The Enterprise Investment Scheme (EIS) is a tax relief programme designed to encourage individual investors to support small, high-risk companies. Today, HMRC released their latest statistics on companies raising funds using this scheme. Working with our friends at Newable, we’ve taken a closer look at how EIS fits into the wider funding landscape for ambitious companies in the UK.

Looking at the figures for the amount raised by using EIS alone paints a gloomy picture for the UK’s early-stage businesses. Investment peaked in 2015-16 with £1.98B raised through EIS; in 2017-18 this fell to £1.93B.

amount invested into ambitious uk companies

chart showing the percentage of fundraisings in the UK that are made under EIS

But EIS represents its smallest ever proportion of the funds raised by the UK’s growing private companies. In 2011-12, 46% of equity investment into the UK’s private businesses was EIS investment – by 2017-18 that had fallen to 16%. But private businesses raised more than ever before: £12.3B.

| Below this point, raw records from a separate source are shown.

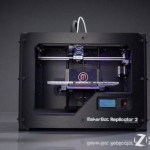 理光将代理MakerBot产品 提供一站式3D打印体验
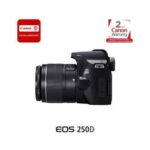 Canon EOS 250D DSLR Camera With 18-55mm F/4-5.6 IS STM Lens - Image 2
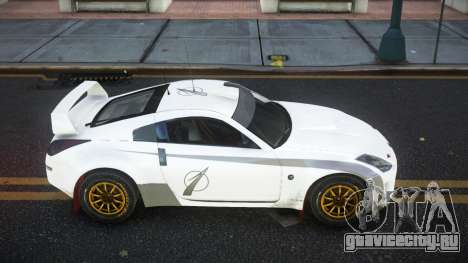 Nissan 350Z Dovikoku для GTA 4
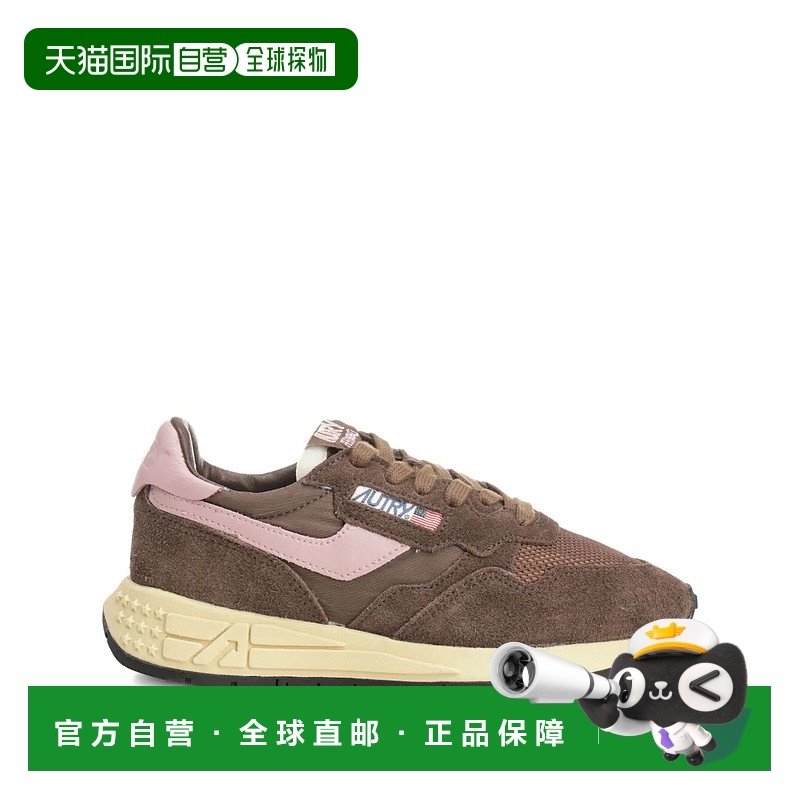 1h可退 欧洲直邮autry 女士 休闲鞋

This is because there’s a wider and deeper pool of investment available to the UK’s ambitious companies. UK businesses are increasingly attracting investment from overseas investors and funds, who can’t take advantage of EIS relief. Moreover, investors are contributing volumes of investment that immediately exceed EIS allowances.

The amount of capital available to businesses outside the Enterprise Investment Scheme is a great thing and a testament to the appeal of UK businesses to a wide range of investors. EIS is instrumental in supporting those businesses that go on to raise these megarounds. 

 

Chris Manson, CEO of Newable, notes that the decrease in the proportion of funds raised with EIS also shows a more troubling trend. 

British tech entrepreneurs are acknowledged as being amongst the world leaders in AI, Med Tech and Space enabled businesses. It is no surprise that they attract capital from overseas investors.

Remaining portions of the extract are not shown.